**Exercise directions**
Write out, from the entries below, exactly the lines that run between the lines holding "Rootz polstret afføring" and "Whisper Ultra Clean", inclusive, and stop there.
--- START ---
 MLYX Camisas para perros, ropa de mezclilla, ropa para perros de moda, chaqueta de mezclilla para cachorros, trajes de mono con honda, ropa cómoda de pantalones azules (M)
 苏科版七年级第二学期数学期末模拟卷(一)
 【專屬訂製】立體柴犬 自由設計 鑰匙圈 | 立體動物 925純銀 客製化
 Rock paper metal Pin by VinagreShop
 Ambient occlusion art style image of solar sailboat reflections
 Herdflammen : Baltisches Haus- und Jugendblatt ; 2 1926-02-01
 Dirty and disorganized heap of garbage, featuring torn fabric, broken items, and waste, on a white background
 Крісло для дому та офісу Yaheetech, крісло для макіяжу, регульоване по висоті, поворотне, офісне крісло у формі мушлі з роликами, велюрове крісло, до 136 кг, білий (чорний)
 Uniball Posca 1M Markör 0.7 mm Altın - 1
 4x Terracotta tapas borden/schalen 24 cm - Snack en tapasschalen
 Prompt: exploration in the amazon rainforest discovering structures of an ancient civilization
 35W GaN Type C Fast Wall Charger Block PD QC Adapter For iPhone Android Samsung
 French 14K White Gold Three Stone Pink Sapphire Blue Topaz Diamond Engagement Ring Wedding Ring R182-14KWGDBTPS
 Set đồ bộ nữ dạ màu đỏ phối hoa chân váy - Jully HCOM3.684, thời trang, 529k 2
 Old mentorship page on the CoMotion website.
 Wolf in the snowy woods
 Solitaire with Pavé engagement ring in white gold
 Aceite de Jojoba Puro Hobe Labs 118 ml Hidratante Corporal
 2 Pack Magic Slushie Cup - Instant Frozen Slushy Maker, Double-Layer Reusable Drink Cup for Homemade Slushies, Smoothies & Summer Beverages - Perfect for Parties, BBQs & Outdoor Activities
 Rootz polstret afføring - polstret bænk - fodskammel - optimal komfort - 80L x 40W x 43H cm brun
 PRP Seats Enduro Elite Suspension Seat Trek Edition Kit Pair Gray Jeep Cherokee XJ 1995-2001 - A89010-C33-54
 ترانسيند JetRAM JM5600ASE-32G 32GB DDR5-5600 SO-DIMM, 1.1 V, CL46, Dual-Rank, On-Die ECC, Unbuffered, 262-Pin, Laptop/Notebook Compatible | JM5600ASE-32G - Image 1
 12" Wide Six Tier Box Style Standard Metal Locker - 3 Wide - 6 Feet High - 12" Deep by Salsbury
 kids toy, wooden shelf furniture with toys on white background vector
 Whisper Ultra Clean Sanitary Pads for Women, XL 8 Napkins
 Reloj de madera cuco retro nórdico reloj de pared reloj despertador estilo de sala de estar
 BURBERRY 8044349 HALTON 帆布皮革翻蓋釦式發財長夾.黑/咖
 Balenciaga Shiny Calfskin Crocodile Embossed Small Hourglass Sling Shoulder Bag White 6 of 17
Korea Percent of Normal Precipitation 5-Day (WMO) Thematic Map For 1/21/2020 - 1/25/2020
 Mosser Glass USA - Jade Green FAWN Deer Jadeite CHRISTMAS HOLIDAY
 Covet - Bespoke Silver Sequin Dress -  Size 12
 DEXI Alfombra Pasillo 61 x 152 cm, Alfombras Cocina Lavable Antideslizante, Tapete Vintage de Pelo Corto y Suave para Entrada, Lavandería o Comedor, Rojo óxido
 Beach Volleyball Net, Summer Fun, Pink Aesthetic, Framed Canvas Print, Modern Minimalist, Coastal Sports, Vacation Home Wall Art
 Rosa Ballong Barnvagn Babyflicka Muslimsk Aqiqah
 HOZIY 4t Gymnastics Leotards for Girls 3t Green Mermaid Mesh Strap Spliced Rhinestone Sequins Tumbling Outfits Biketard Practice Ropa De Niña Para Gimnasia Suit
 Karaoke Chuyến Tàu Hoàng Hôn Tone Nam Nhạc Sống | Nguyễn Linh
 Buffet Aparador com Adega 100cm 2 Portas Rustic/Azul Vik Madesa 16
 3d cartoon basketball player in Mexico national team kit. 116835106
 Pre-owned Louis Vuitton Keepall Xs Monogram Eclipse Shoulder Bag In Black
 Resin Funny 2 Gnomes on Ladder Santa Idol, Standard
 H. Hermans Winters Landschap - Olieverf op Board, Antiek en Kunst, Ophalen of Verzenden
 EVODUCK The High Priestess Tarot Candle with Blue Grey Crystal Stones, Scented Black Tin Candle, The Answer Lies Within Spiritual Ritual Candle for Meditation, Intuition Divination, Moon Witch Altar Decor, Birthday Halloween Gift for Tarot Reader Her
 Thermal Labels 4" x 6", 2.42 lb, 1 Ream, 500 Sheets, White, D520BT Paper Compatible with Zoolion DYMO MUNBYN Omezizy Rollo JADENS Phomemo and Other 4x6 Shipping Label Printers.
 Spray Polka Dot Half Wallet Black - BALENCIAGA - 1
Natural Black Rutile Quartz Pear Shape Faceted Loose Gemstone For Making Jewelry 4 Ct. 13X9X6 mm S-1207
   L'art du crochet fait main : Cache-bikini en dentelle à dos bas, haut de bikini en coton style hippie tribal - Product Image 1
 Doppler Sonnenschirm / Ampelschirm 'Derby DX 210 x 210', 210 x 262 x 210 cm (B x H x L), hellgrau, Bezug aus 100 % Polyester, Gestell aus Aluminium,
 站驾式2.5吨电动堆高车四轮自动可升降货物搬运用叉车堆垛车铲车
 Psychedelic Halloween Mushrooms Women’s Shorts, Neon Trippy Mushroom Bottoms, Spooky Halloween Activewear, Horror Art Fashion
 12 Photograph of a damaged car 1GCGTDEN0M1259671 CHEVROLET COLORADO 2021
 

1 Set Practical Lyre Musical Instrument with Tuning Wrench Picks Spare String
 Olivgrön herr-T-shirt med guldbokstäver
--- END ---
**Exercise solution**
 Rootz polstret afføring - polstret bænk - fodskammel - optimal komfort - 80L x 40W x 43H cm brun
 PRP Seats Enduro Elite Suspension Seat Trek Edition Kit Pair Gray Jeep Cherokee XJ 1995-2001 - A89010-C33-54
 ترانسيند JetRAM JM5600ASE-32G 32GB DDR5-5600 SO-DIMM, 1.1 V, CL46, Dual-Rank, On-Die ECC, Unbuffered, 262-Pin, Laptop/Notebook Compatible | JM5600ASE-32G - Image 1
 12" Wide Six Tier Box Style Standard Metal Locker - 3 Wide - 6 Feet High - 12" Deep by Salsbury
 kids toy, wooden shelf furniture with toys on white background vector
 Whisper Ultra Clean Sanitary Pads for Women, XL 8 Napkins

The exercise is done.